Whether the doctrine of laches applies depends upon the circumstances in each particular case. See Hart v. Northeastern N.M. Fair Ass'n, 58 N.M. 9, 265 P.2d 341 (1953). The application of laches would be appropriate in the instant case only if all the elements were met. See Butcher v. City of Albuquerque, 95 N.M. 242, 620 P.2d 1267 (1980). There are four elements necessary to find laches:

(1) Conduct on the part of the defendant, or of one under whom he claims, giving rise to the situation of which complaint is made and for which the complainant seeks a remedy, as, for example, an invasion by the defendant of the complainant's right, ...; (2) delay in asserting the complainant's rights, the complainant having had knowledge or notice of the *1040 defendant's conduct and having been afforded an opportunity to institute a suit; (3) lack of knowledge or notice on the part of the defendant that the complainant would assert the right on which he bases his suit; and (4) injury or prejudice to the defendant in the event relief is accorded to the complainant or the suit is not held to be barred.

Morris v. Ross, 58 N.M. 379, 381-82, 271 P.2d 823, 824-25 (1954) (quoting 19 AM. JUR. Equity § 498 (1939)).

The facts in this case are not in dispute. Respondent had sexual relations with the child's mother. The child, Adriane Clay, was born on May 30, 1973. Debra Clay never notified respondent about his possible paternity. The State sent him a registered letter about the child on May 8, 1974. Mr. Davis testified that he did not recall receiving such a letter, although he admitted that the signature on the return receipt appeared to be his. The State took no further action until it filed a paternity petition on March 24, 1981.

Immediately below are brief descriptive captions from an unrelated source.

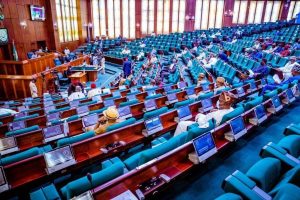 Reps Investigate Promotion Stagnation of Civil Servants from 2013-2023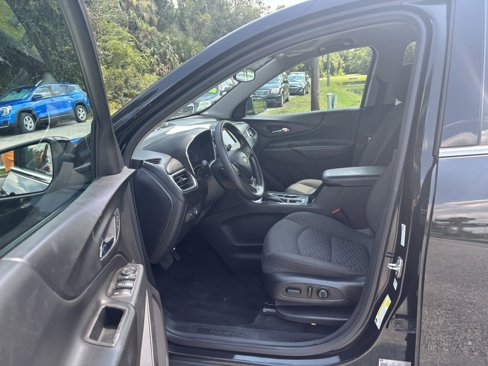 Used 2020 Chevrolet Equinox LT image 5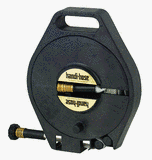 American Specialty RT25 Handi-Hose And Reel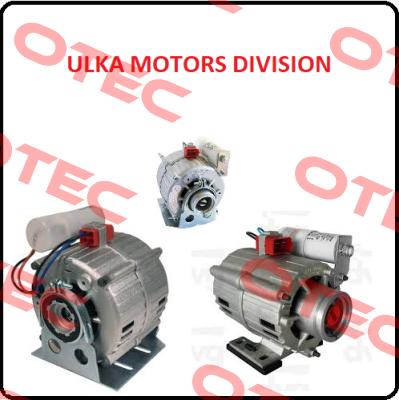 EX7 48W 24v 50Hz Ulka
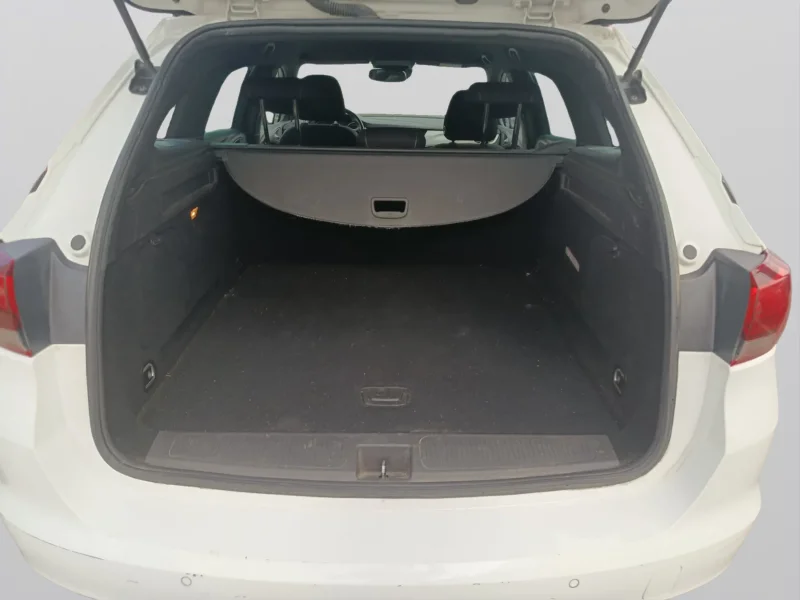 Imagen de Opel Astra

Respondent contends that the third and fourth elements of laches have been met. The third element requires that respondent have no knowledge or notice that the State would assert its right. Id. Mr. Davis did not lack the requisite notice because he was contacted by the State about the child in 1974. In addition, respondent would not be prejudiced or suffer injury in the event the suit is not barred. It would not be an injury to be held responsible for the support of his child if he is determined to be the father. Because Mr. Davis had notice and will not be injured, the facts in the instant case do not meet the elements of laches.

It is clear that a determination of the paternity of this child is in the public interest. The State is seeking reimbursement for payments it has made in excess of $6,000 as well as future support payments for so long as the child receives public assistance. Absent proof of inexcusable neglect, the State will not be barred from maintaining the action on this set of facts.

The order of the district court is accordingly reversed and the cause remanded for further proceedings consistent with this opinion.

IT IS SO ORDERED.

PAYNE, C.J., and FEDERICI and RIORDAN, JJ., concur.